*** PROVIDED RECORDS ***

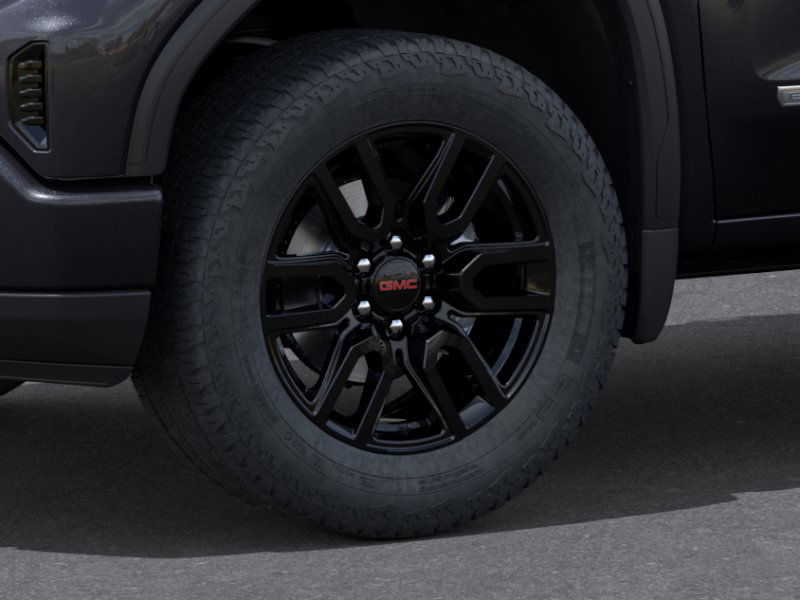 New 2026 Titanium Rush Metallic GMC Elevation image 33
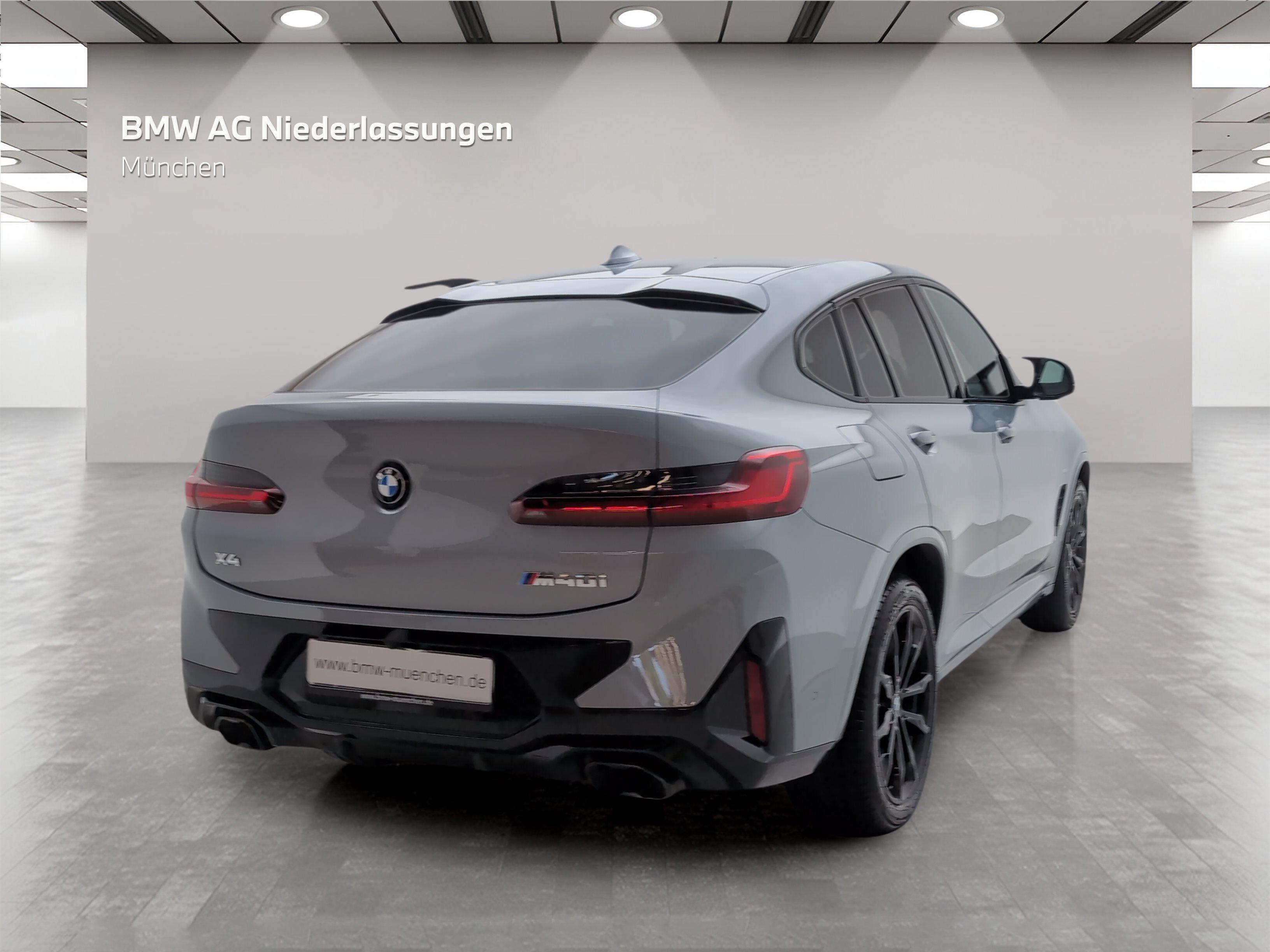 BMW X4 – Bild 4
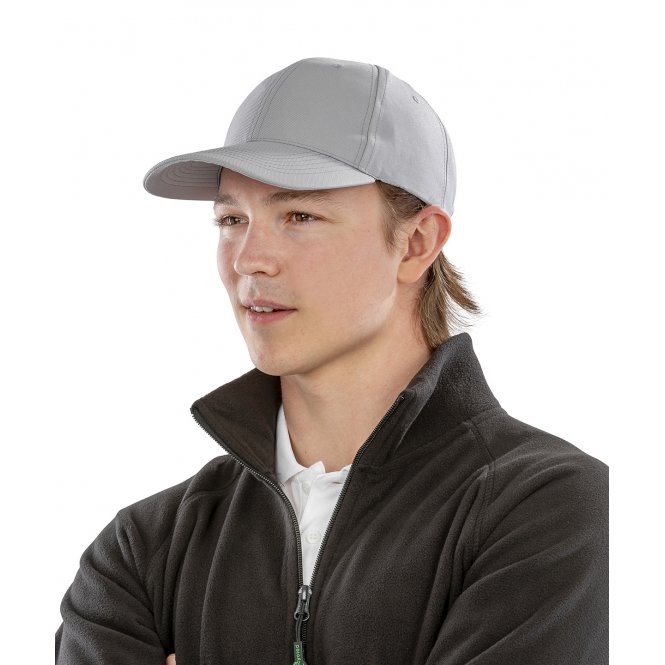 Result Genuine Recycled RC981 Core Recycled Low-Profile Cap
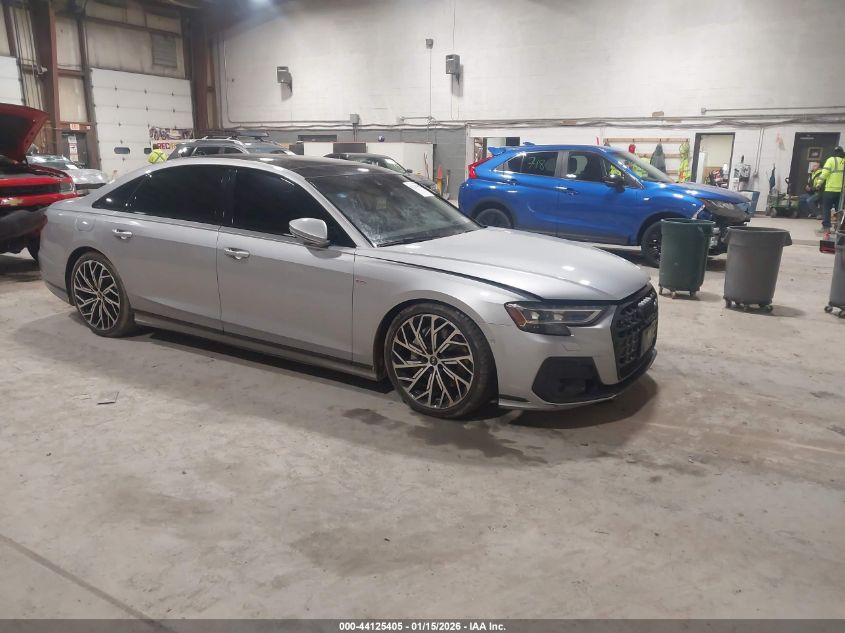 2023 Audi A8 L 55 Tfsi Quattro Tiptronic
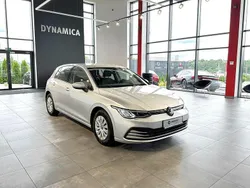 Srebrny Używany 2023 VW Golf VIII R Hatchback | 76 900 zł (Uczciwa cena)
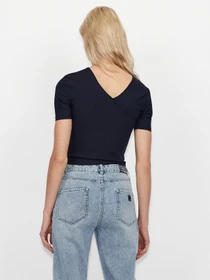 Футболки и поло Armani Exchange модель 3KYMEH-YJ2PZ-1593 Фото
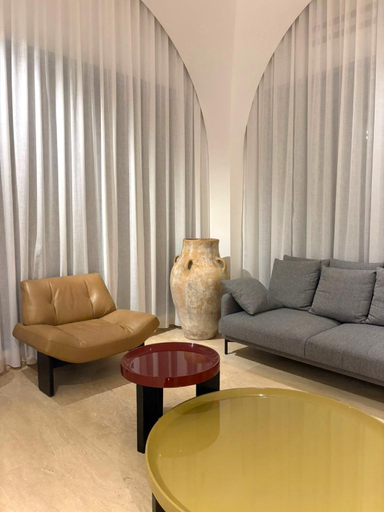Public Area 4, The Lead Hotel, Western Urban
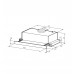 Lex HONVER G 2M 600 WHITE воздухоочиститель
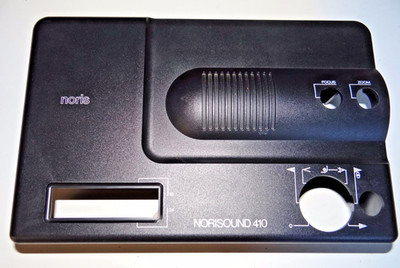 Frontabdeckung für Noris Norisound 410 Projektor Vintage NOS W-203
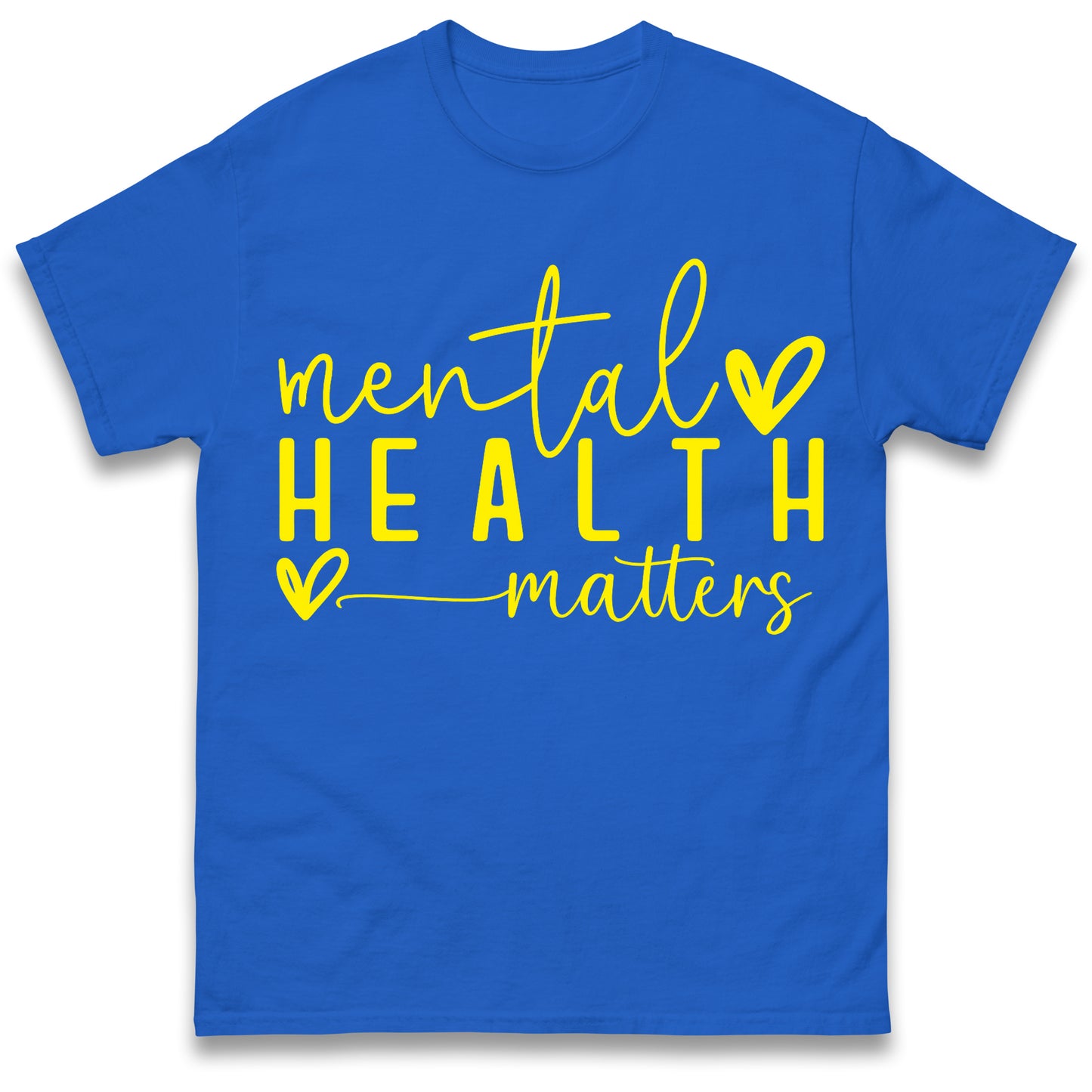 Mental Health T Shirt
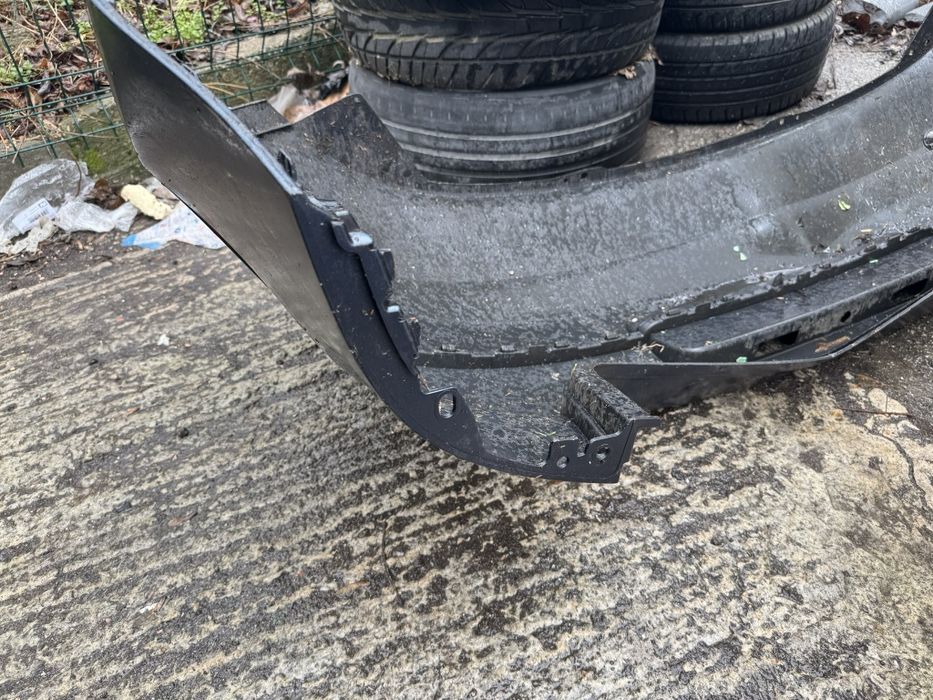 Задна броня Голф 5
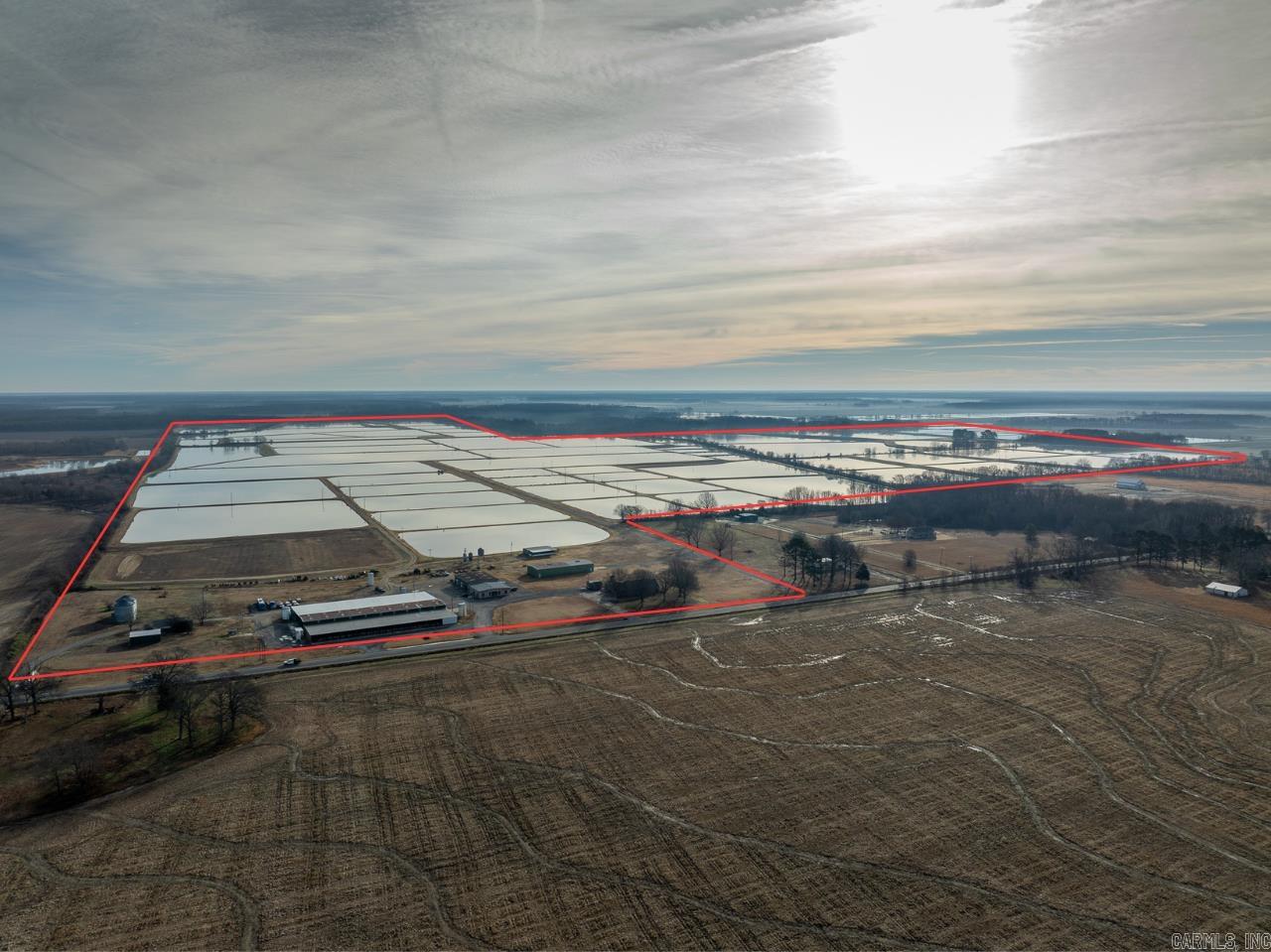 Metes & Bounds - Farm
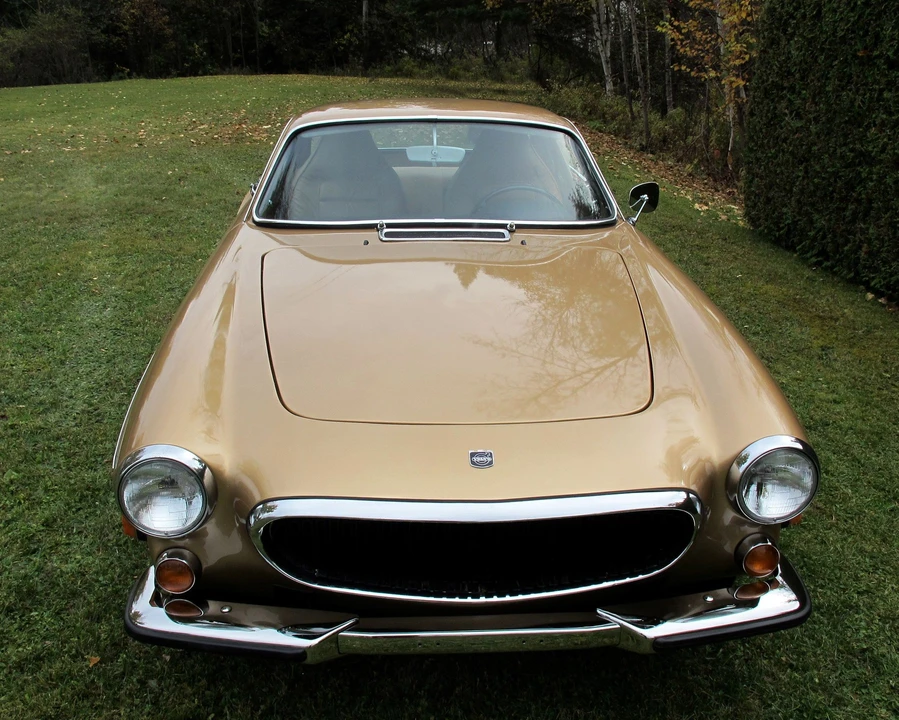 1972 Volvo 1800E - Image 15 of 31
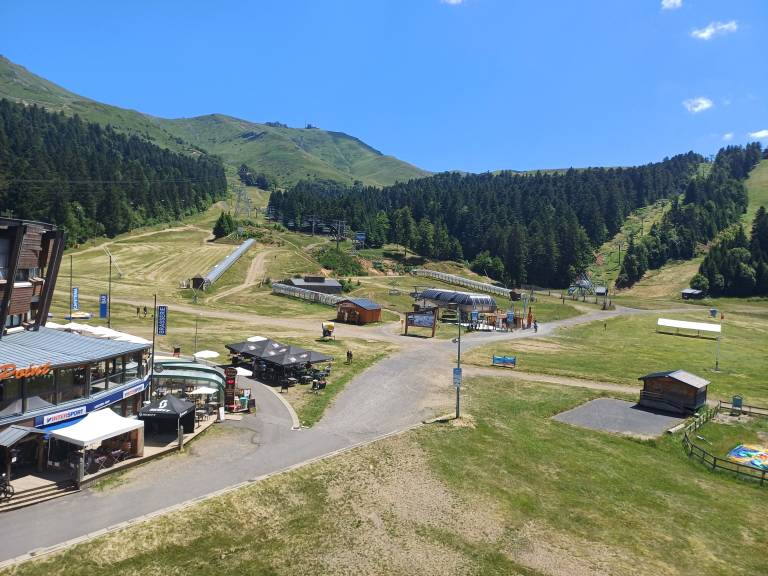 Appartement Le Lioran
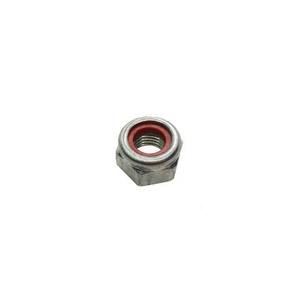 Tuerca Nyloc M10 para BAJAJ 39042215, Repuestos para Mototaxi de Tres Ruedas, Fijador OEM de Alta Calidad - Product Image 1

***

» **ACTION ITEM**: Omitting the images, copy the listing exactly.

» **OUTPUT FOR THIS EXERCISE**:
 New 2026 Titanium Rush Metallic GMC Elevation image 33
 BMW X4 – Bild 4
 Result Genuine Recycled RC981 Core Recycled Low-Profile Cap
 2023 Audi A8 L 55 Tfsi Quattro Tiptronic
 Srebrny Używany 2023 VW Golf VIII R Hatchback | 76 900 zł (Uczciwa cena)
 Футболки и поло Armani Exchange модель 3KYMEH-YJ2PZ-1593 Фото
Public Area 4, The Lead Hotel, Western Urban
 Lex HONVER G 2M 600 WHITE воздухоочиститель
 Frontabdeckung für Noris Norisound 410 Projektor Vintage NOS W-203
 Mental Health T Shirt
 Задна броня Голф 5
 Metes & Bounds - Farm
 1972 Volvo 1800E - Image 15 of 31
 Appartement Le Lioran
 Tuerca Nyloc M10 para BAJAJ 39042215, Repuestos para Mototaxi de Tres Ruedas, Fijador OEM de Alta Calidad - Product Image 1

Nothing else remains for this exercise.